- [ABOUT THIS TASK]:
Would you copy exactly the lines in the data below from the one that has "black synthetic slip" through the one that has "Deutschland ATM Mi.-Nr.", dropping any pictures?

- [GIVEN ENTRIES]:
==========

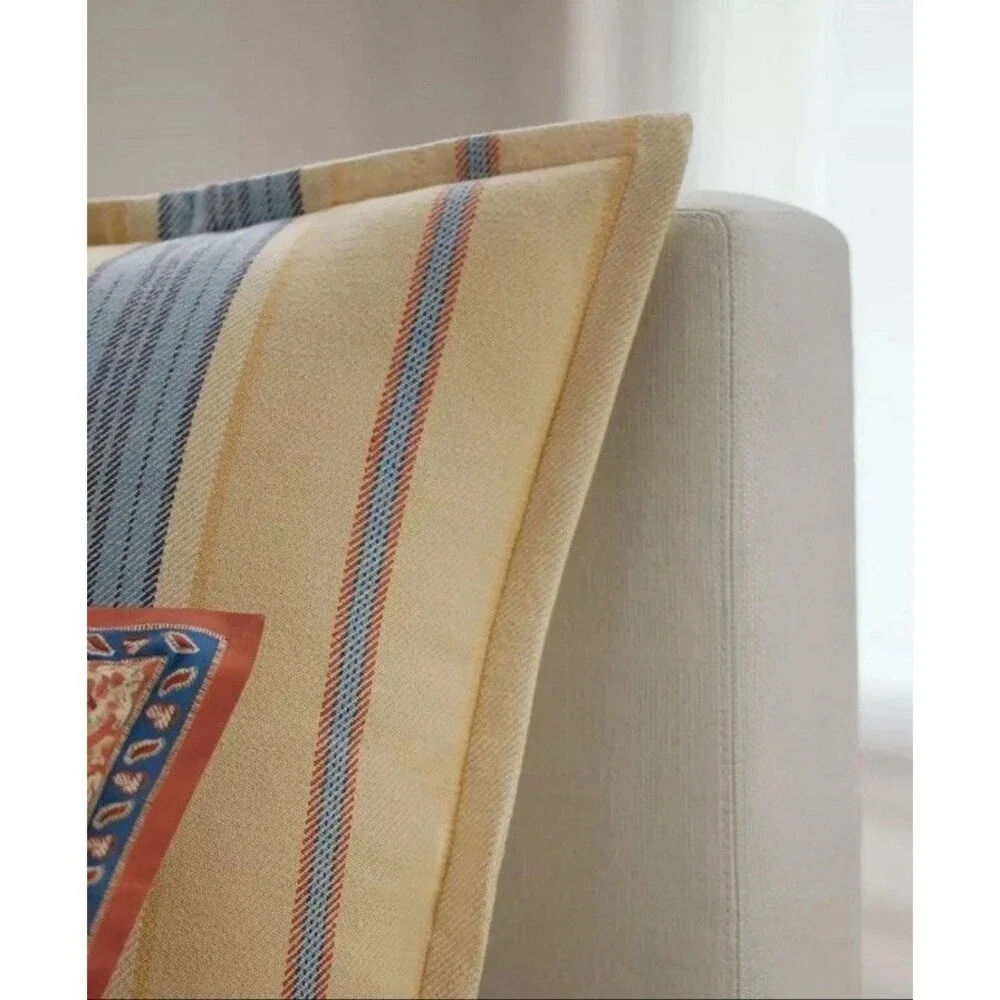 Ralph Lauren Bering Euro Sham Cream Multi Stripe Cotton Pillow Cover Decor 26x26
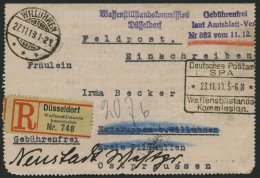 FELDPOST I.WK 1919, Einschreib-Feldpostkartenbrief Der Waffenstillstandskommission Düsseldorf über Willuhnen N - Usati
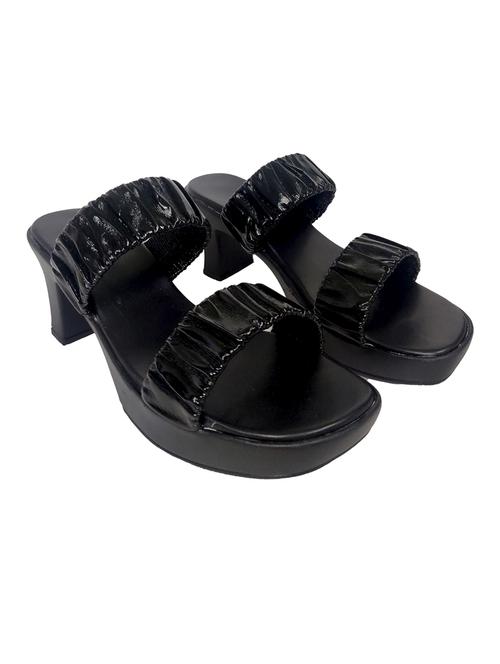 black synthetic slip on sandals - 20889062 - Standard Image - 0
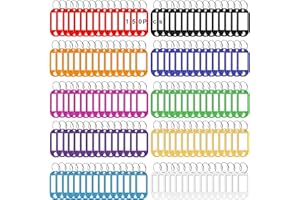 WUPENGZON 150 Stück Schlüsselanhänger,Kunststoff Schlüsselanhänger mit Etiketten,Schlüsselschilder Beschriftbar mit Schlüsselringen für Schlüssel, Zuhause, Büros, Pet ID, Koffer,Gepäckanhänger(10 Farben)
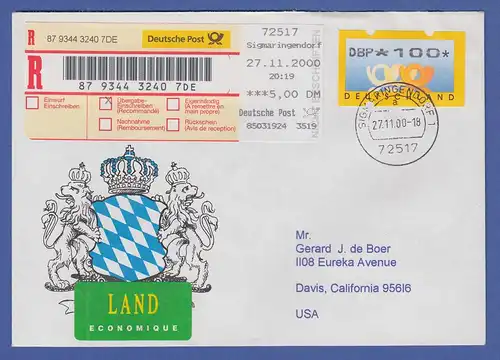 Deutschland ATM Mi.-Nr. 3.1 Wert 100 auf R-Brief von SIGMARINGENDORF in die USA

==========

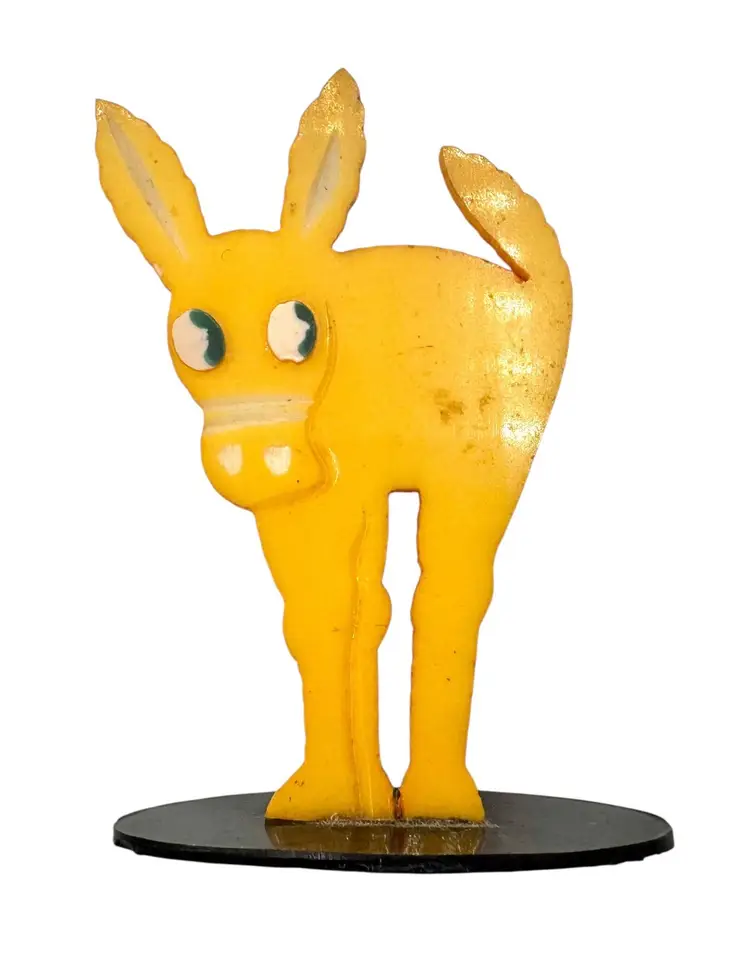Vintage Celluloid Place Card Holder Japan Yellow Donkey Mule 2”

==========

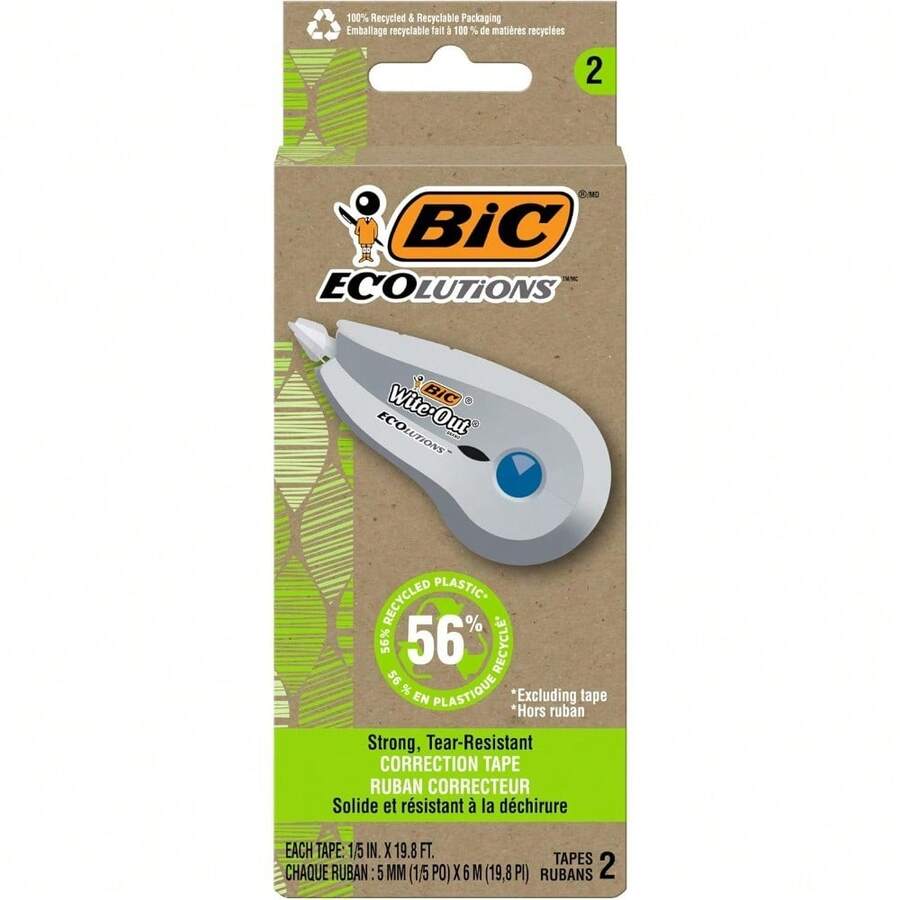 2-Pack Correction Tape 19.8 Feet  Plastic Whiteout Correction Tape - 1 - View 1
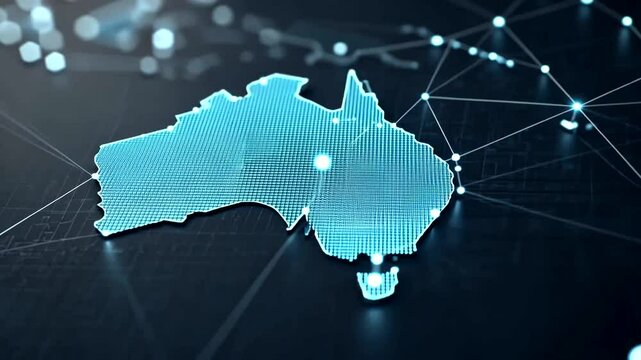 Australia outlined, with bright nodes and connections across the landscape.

==========

- [RESPONSE AREA]:
 black synthetic slip on sandals - 20889062 - Standard Image - 0
 WUPENGZON 150 Stück Schlüsselanhänger,Kunststoff Schlüsselanhänger mit Etiketten,Schlüsselschilder Beschriftbar mit Schlüsselringen für Schlüssel, Zuhause, Büros, Pet ID, Koffer,Gepäckanhänger(10 Farben)
 Deutschland ATM Mi.-Nr. 3.1 Wert 100 auf R-Brief von SIGMARINGENDORF in die USA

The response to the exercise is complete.